Surge voltages can get into circuits in various ways. These are known as coupling types.
This refers to surge voltages which are directly coupled into a circuit. This can be observed during lightning strikes, for example. In this case, lightning current amplitudes at the grounding resistance of the affected building cause an overvoltage.
This voltage affects all cables that are connected to the central equipotential bonding. An overvoltage also occurs along conductors carrying lightning current. Due to the fast rate of current rise, this can mainly be traced back to the inductive component of the cable resistance. Faraday’s law of induction is used as the basis for calculating this: u0 = L x di/dt.
This process occurs through the magnetic field of another current-carrying conductor, following the transformer principle. A directly coupled overvoltage causes a surge current with a high rate of increase in the affected conductor.
At the same time, a strong magnetic field is created around this conductor, as is the case in the primary winding of a transformer. The magnetic field induces an overvoltage in other cables in its vicinity, as is the case in the secondary winding of a transformer. The coupled overvoltage is channeled along the cables into the connected device.
This type of coupling primarily occurs via the electric field between two points with a large potential difference. A high potential occurs via the down conductor of a lightning arrester due to a lightning strike. An electrical field is created between the down conductor and other parts with a low potential.
These may be, for example, cables for power supply and signal transmission or devices inside the building. The charge is transferred through the electrical field. This leads to a voltage increase or ultimately an overvoltage in the affected cables and devices.

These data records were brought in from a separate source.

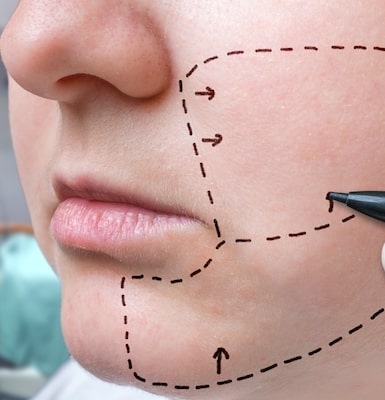 How to Reduce Jowls
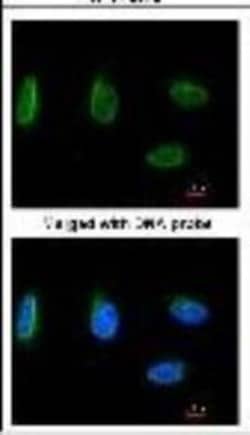 Nbs1 Antibody (1D7), Novus Biologicals 0.1mL; Unlabeled:Antibodies, Monoclonal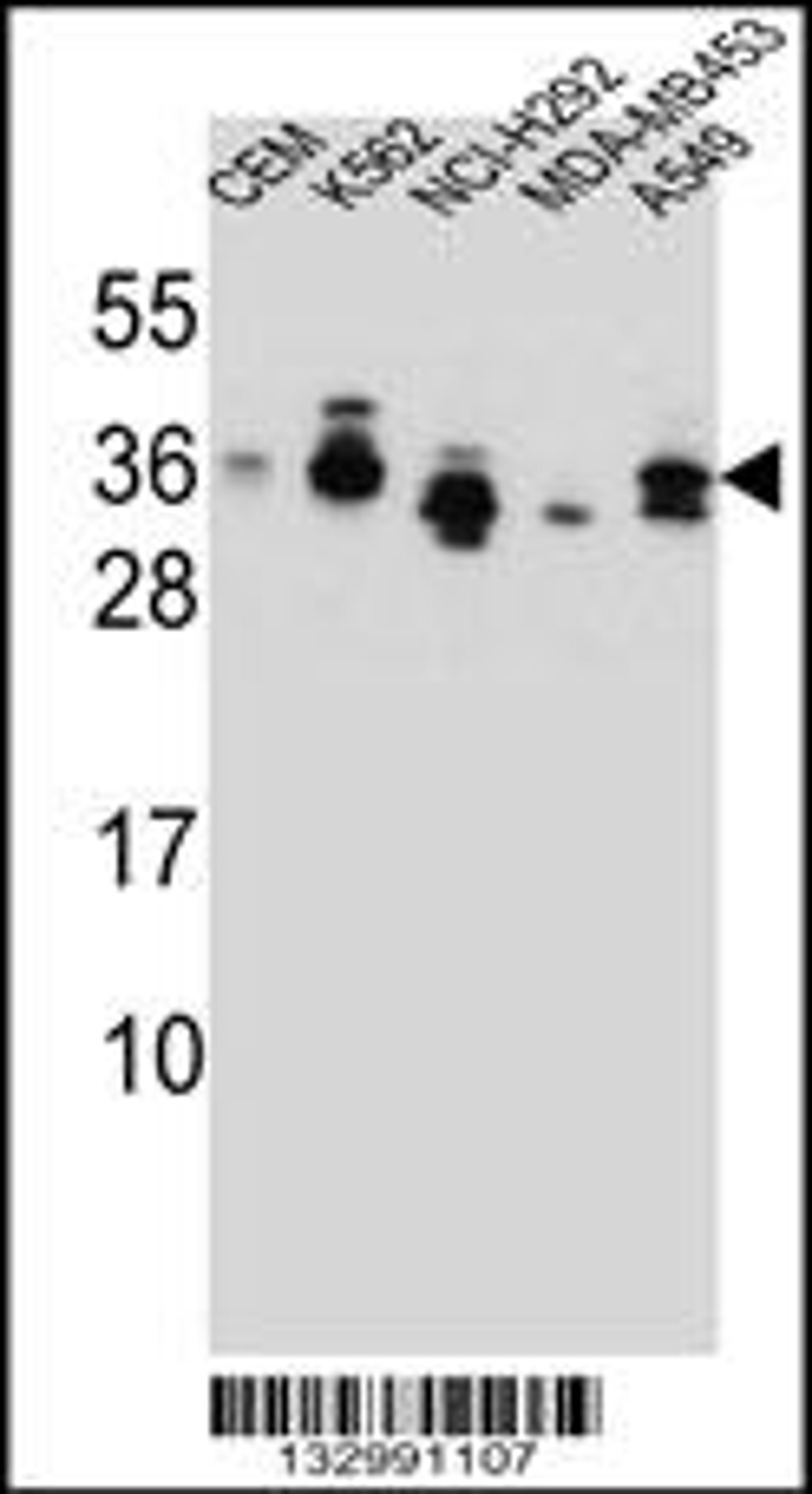 Western blot analysis in CEM,K562,NCI-H292,MDA-MB453,A549 cell line lysates (35ug/lane).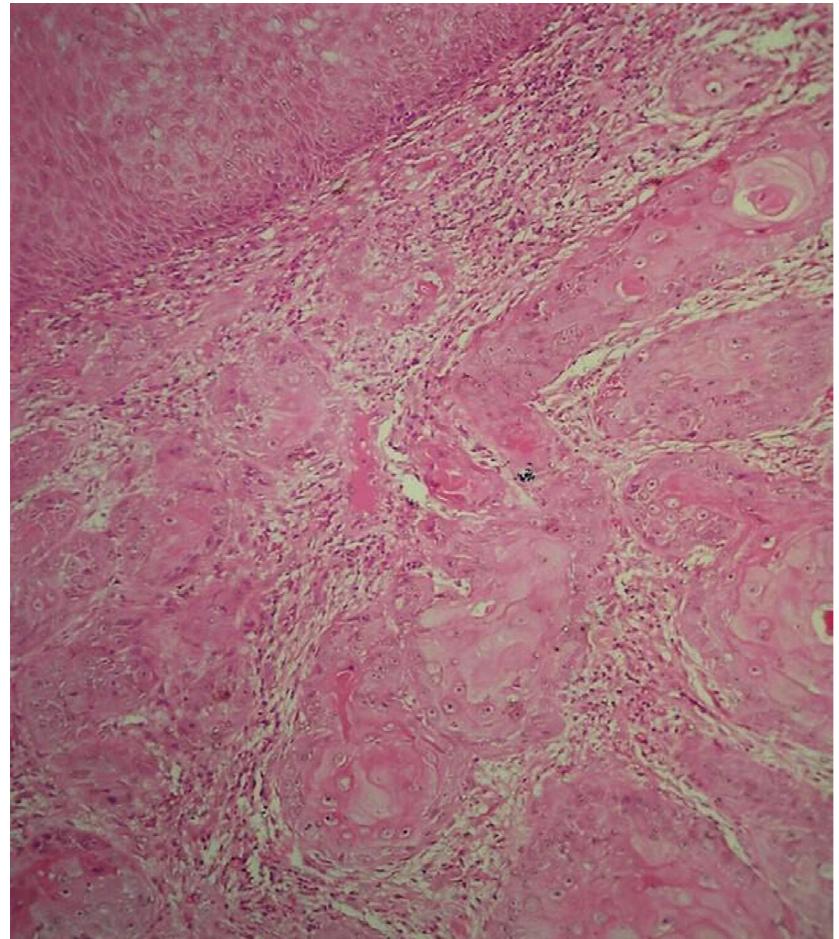 Indurayed Borders Figure 2 - from Oral erythroplakia – A case report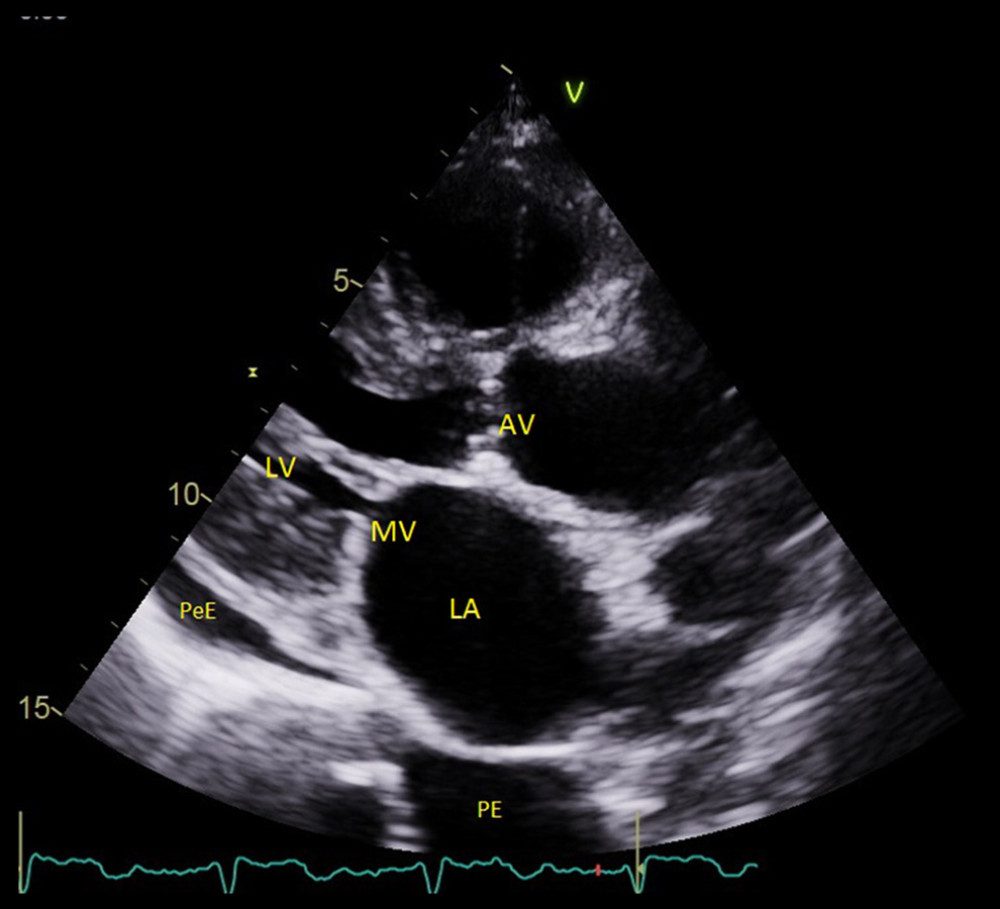 An echo image (parasternal long axis view) from Patient 2. The left ventricle is small, the left atrium is enlarged, the valves are thickened, and there is a small amount of pericardial and plural effusion. AV – aortic valve; LA – left atrium; LV – left ventricle; MV – mitral valve; PeE – pericardial effusion; PE – plural effusion.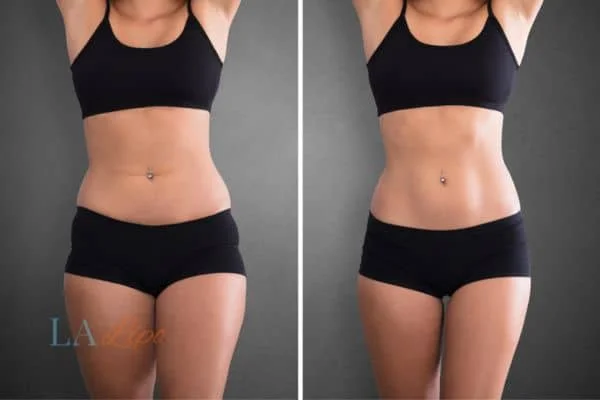 before and after results of non-surgical treatment to help a woman's body image and mental health Wheathampstead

Direction of action of surge voltages
Surge voltages act in two directions in affected circuits.
Common mode voltage
Common-mode voltages [UL] occur in the event of interference caused by surge voltages or high-frequency interference voltages between active conductors and ground. The term asymmetrical is also often used.
Asymmetrical voltages primarily endanger components that are located between active potentials and a grounded ground, as well as the insulation between active potentials and ground. This results in sparkovers on PCBs or between voltage-carrying equipment and grounded housing parts.
Normal mode voltage
Normal-mode voltages [UQ] occur in the event of interference caused by surge voltages or high-frequency interference voltages between the active conductors of a circuit. The terms symmetrical and differential-mode are also used.
Symmetrical surge voltages endanger the voltage and signal input of devices and interfaces. This results in direct overload and destruction of the affected equipment, e.g., in the power supply or signal-processing components.
Effects of overvoltages
More often than not, overvoltages which couple into a circuit cause considerable damage to equipment and devices. Devices that are in constant use are at particularly high risk. Here, this damage can result in extremely high costs.
It is not just the replacement or repair of damaged devices that costs money. Even more expensive are long system downtimes or even the loss of software or data.
Incidence of loss
Every year, the statistics from insurers show high figures for the incidence of loss caused by overvoltages. In the majority of cases, operators of electronic systems are compensated by their insurance for damage to the hardware. However, software damage and system failure frequently remain uninsured, leading to great financial burdens.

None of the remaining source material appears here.